(WHAT THE EXERCISE ASKS): From the material below, return exactly the lines starting at the one that holds "Freshwater Biome 1638974667 Book Cover" and ending at the one that holds "Bsports必一体育，bsports必一体育ios下载". Pictures stay out of the answer.

(WORKING DATA):
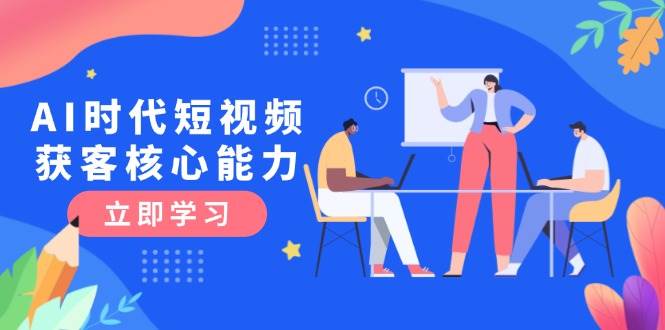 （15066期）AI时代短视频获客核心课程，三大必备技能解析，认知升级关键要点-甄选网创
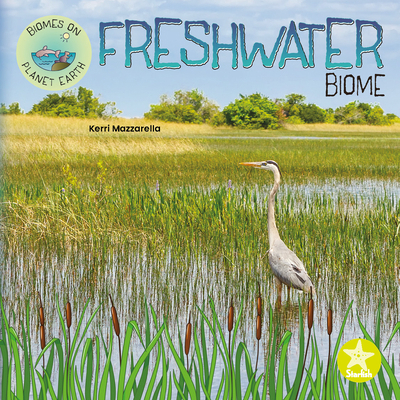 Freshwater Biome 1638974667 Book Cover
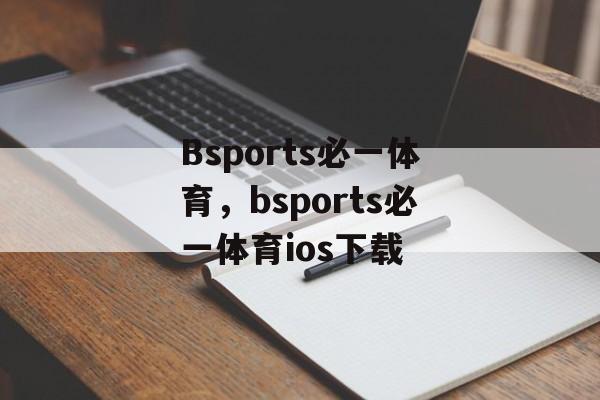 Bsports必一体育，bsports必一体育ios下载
---
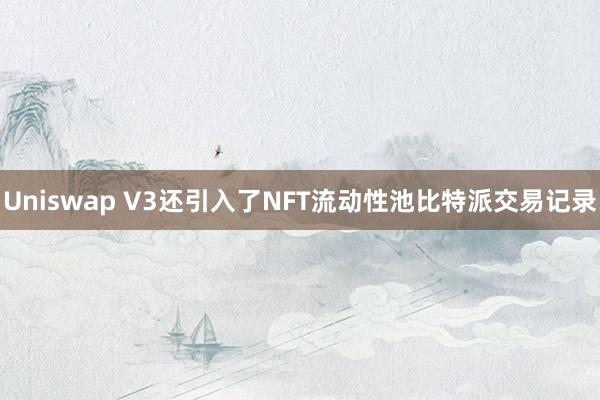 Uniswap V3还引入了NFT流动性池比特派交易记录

(OUTPUT OF THE EXERCISE):
 Freshwater Biome 1638974667 Book Cover
 Bsports必一体育，bsports必一体育ios下载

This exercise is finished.